One can calculate this integral in case $f=g$, by simple transformation $z′=z−M−1gz′=z−M−1g$.
But I can't find convenient transformation in case of $I$.
Best Answer
The answer to your question can be found in Condensed Matter Field Theory by Altland and Simons (3rd chapter, eq 3.18) which you can also find here for free. However in that book the derivation is just outlined and since my edition of the book also contains a typo in the outline, I will go through it.

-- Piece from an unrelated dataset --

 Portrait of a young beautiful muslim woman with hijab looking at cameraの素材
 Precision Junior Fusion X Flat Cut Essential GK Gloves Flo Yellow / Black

You can recast your integral to look like this:
$I=\int d(v^{\dagger},v) exp^{-v^{\dagger}Av + w^{\dagger}v +v^{\dagger} w'}$
where $v$ is the complex vector conataining your variables $z_i$, A is the matrix containing your $M_{ij}$ and the integration measure is a shorthand for "integrating the Real and Imaginary parts of each variable seperatly over all $\mathbb{C}$ ".It can be easily seen that this integration measure is the same as teh one you had by writting yours as $d(x+iy)d(x+iy)^{*}$ and treating $x$ and $y$ as independent variables.(I tried to keep the same notation and names of quantities as my reference in case you want to give it a look after all)

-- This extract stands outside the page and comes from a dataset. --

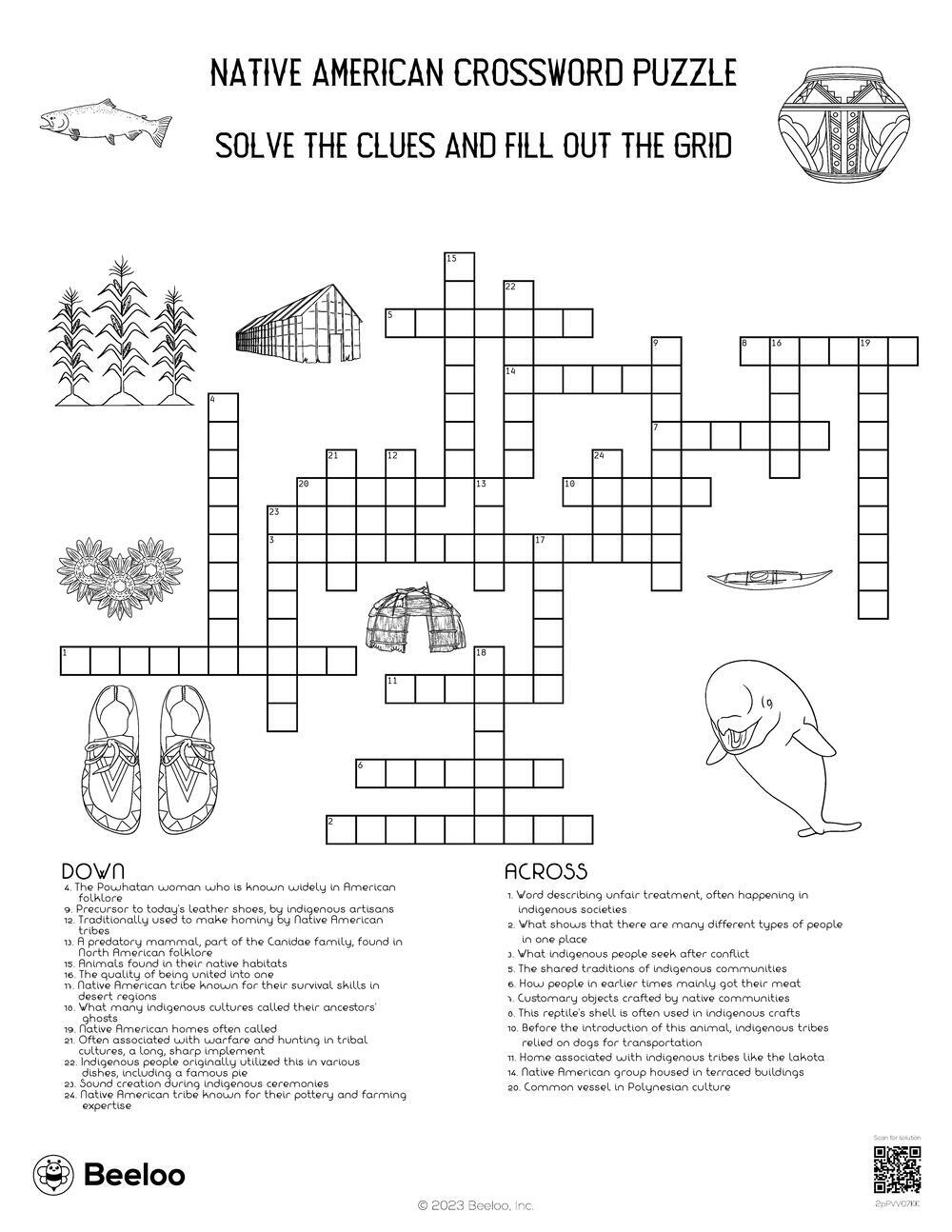 Indigenous People s Day themed Crossword Puzzles Beeloo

From here you can employ the change of variables (this is where the typo occurs in the book):
$v=u+A^{-1}w'$
$v^{\dagger}=u^{\dagger}+w^{\dagger}{A^{-1}}^{\dagger}=u^{\dagger}+w^{\dagger}A^{-1}$
A couple of comments for that change of variables:
Making the change of variables you get:
$-v^{\dagger}Av + w^{\dagger}v + v^{\dagger}w'= -u^{\dagger}Au +w^{\dagger}A^{-1}w'$
which turns the integral into
$I=\int d(u^{\dagger},u) e^{-u^{\dagger}Au + w^{\dagger}A^{-1} w'}=(\int d(u^{\dagger},u) e^{-u^{\dagger}Au} )e^{w^{\dagger}A^{-1} w'} = \pi ^N detA^{-1}e^{w^{\dagger}A^{-1} w'}$
The last step can be also found in the book I referenced and essentially it utilizes the fact that there is a unitary matrix $U$ such that $A=U^{\dagger}D_A U$, where $D_A$ is the Diagonal matrix containing the eigenvalues of $A$.Making that substitution into your integral you will end up with a product of $2N$ real $1-D$ Gaussian integrals that will give you the $(\sqrt{\pi})^{2N} detA^{-1}=\pi ^N detA^{-1}$ factor.